[Saved entries]

BEGIN

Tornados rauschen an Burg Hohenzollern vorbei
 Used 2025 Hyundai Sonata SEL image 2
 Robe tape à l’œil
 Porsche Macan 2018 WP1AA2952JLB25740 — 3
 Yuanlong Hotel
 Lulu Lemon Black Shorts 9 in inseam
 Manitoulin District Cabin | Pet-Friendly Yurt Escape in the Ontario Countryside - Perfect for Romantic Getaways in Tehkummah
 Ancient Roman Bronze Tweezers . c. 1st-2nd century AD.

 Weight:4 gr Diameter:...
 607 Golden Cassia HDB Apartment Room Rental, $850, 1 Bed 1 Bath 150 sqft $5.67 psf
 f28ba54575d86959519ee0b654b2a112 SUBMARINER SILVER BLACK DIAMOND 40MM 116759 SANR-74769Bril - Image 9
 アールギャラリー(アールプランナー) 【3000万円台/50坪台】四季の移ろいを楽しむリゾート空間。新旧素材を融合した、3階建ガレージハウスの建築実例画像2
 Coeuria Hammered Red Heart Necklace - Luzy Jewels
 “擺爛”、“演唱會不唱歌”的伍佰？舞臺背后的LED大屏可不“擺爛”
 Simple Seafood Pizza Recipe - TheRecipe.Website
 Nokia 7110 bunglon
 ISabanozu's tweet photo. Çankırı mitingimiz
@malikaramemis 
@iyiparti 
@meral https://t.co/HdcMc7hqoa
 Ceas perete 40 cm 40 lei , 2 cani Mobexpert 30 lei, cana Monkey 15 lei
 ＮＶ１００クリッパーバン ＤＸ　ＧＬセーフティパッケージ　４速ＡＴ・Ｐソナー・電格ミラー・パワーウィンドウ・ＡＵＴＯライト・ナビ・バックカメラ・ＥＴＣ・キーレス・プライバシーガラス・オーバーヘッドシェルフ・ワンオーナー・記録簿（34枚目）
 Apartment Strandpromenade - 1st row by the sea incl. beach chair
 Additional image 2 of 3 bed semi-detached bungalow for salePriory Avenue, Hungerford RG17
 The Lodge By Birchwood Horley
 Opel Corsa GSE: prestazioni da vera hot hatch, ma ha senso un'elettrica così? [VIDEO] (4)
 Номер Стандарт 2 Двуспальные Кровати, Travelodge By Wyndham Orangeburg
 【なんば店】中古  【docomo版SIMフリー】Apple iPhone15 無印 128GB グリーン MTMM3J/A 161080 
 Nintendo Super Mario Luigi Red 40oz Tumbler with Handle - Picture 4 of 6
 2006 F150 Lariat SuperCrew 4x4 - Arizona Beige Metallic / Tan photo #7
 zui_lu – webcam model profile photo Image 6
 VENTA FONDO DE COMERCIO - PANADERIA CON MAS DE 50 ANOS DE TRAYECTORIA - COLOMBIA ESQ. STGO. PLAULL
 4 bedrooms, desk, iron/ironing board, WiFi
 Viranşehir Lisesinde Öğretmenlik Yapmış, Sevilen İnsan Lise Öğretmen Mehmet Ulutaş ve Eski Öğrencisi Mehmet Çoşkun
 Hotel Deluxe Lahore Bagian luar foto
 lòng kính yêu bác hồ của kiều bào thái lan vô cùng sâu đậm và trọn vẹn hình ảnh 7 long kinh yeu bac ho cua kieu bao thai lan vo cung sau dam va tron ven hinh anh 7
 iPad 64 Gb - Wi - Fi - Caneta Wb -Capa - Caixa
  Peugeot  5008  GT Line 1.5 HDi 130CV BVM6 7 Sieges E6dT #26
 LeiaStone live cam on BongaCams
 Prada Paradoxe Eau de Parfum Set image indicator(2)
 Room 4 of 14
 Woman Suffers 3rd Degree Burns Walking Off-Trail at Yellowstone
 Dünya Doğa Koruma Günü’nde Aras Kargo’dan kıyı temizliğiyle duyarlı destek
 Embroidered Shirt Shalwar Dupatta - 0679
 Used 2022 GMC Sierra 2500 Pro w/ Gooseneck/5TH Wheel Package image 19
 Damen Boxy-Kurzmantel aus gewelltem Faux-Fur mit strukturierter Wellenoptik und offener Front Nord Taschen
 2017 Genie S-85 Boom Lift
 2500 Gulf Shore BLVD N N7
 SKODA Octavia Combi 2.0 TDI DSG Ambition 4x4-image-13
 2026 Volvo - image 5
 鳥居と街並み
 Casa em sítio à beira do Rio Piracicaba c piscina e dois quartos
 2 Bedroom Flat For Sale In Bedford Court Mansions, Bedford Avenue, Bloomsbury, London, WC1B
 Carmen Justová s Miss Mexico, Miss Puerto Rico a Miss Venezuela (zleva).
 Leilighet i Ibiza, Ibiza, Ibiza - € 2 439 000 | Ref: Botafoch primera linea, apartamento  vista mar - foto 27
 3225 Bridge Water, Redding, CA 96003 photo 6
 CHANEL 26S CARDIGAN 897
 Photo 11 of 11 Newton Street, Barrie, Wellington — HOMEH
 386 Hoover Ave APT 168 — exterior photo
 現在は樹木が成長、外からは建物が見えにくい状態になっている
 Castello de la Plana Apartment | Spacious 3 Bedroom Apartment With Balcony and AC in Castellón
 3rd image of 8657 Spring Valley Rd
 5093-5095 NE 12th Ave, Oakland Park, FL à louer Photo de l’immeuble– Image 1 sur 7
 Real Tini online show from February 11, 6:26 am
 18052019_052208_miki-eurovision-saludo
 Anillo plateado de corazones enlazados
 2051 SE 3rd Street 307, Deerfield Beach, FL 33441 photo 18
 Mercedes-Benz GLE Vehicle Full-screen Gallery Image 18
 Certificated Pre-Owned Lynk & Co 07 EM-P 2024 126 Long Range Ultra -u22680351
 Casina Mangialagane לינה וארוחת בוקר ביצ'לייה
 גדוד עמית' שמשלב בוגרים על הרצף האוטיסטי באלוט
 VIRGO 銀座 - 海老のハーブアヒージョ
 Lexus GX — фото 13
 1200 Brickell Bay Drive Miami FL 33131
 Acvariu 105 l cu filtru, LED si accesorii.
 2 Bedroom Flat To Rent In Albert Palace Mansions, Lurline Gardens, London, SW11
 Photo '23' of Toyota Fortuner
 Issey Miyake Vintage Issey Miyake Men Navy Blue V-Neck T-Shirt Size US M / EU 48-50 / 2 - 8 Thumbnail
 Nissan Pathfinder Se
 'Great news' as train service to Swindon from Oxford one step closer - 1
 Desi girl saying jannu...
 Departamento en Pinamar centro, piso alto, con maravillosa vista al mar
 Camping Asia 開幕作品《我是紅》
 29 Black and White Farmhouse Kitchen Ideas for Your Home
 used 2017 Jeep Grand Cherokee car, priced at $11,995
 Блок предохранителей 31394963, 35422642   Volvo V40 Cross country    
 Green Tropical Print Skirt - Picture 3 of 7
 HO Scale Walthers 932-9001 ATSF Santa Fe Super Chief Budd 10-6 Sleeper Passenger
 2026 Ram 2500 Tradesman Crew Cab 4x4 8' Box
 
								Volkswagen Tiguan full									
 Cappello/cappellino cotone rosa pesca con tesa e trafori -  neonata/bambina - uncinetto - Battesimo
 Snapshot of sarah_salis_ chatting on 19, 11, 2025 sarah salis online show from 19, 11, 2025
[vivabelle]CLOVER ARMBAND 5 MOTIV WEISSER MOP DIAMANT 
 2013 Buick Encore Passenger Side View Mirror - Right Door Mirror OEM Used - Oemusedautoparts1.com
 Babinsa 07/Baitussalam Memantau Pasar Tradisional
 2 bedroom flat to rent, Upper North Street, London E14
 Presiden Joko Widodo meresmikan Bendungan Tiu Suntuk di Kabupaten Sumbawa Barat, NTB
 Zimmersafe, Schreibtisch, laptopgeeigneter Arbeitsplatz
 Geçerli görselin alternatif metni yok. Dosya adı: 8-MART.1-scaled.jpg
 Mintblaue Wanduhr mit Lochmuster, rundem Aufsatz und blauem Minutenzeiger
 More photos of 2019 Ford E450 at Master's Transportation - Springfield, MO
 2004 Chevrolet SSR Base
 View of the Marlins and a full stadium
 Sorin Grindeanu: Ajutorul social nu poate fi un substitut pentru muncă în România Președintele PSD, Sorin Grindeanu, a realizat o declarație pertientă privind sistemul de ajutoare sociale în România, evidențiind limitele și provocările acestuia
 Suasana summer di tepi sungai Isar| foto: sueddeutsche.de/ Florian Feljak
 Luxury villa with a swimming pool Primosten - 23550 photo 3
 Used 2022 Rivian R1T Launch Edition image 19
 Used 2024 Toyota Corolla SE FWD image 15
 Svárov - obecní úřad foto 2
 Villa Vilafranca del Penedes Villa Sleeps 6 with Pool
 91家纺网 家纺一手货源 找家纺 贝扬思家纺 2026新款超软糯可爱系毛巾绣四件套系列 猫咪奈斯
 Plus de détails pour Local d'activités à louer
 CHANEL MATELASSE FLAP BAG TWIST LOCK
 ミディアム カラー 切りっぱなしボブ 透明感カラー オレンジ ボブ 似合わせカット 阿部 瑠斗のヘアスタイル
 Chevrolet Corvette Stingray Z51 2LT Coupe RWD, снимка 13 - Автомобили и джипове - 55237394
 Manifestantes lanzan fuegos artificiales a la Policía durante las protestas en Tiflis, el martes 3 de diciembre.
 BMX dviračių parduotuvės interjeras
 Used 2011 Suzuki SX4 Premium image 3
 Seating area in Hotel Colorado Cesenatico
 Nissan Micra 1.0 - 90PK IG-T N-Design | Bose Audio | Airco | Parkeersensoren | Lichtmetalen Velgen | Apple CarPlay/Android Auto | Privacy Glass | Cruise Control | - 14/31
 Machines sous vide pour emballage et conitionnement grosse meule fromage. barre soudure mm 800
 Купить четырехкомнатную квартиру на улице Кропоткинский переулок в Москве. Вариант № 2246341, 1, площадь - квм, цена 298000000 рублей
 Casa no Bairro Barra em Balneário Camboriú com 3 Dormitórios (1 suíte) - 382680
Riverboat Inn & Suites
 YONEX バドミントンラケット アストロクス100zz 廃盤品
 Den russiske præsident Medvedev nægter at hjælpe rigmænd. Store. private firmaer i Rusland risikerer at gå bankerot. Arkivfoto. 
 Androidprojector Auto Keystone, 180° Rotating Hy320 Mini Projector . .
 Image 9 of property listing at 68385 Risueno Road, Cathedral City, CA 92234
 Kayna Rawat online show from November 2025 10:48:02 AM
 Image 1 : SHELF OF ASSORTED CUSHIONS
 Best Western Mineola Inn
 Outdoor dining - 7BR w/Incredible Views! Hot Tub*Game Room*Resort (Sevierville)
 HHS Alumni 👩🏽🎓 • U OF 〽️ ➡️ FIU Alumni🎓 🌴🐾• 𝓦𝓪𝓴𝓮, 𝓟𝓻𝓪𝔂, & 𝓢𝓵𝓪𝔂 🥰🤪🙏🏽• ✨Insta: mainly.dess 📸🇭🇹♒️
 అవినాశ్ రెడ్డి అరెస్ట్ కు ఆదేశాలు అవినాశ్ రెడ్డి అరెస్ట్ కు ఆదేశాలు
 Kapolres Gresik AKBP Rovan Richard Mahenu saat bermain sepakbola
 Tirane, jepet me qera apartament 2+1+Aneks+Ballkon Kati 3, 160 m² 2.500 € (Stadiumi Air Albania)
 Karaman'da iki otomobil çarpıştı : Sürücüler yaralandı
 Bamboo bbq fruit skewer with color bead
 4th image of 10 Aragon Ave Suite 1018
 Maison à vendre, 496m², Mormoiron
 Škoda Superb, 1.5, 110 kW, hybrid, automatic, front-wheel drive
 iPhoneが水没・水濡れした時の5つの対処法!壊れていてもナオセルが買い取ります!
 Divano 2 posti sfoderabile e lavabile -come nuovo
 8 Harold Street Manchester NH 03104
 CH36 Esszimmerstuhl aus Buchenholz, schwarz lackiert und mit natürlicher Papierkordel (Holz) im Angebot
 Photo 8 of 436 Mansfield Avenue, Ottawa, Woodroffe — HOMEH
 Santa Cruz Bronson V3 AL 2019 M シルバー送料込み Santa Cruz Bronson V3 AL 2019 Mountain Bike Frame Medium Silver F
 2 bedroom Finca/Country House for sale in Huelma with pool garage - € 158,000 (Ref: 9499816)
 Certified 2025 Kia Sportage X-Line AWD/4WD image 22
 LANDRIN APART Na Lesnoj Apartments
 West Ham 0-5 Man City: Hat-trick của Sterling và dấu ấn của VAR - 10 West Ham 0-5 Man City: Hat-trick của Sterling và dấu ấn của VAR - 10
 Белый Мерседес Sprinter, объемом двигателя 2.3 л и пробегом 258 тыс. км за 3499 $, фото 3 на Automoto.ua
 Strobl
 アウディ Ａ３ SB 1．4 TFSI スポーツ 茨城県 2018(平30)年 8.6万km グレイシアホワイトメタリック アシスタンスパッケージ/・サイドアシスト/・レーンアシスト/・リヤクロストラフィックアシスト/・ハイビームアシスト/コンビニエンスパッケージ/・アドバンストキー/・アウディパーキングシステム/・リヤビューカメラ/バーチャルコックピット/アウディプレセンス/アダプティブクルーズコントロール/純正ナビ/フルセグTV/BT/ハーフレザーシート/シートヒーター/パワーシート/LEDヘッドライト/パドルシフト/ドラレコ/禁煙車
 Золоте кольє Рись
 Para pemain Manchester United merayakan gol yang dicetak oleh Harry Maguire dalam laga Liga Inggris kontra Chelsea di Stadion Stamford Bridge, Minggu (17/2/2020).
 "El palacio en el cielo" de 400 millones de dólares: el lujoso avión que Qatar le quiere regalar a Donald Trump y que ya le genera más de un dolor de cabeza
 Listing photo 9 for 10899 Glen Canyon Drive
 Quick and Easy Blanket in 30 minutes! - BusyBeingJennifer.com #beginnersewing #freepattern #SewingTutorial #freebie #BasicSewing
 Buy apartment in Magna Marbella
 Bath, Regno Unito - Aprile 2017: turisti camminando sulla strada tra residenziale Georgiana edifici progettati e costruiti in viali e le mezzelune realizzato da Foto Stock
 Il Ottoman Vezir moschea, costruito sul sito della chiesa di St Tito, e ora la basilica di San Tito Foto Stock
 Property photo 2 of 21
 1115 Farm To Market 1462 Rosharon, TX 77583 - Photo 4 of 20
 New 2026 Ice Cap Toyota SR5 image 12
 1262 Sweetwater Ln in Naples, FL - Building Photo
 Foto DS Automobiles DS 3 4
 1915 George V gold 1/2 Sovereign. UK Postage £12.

END

Task directions: Within the records, the lines containing the string "Mansions" are to be counted and their number given without comment.

Response to the exercise: 2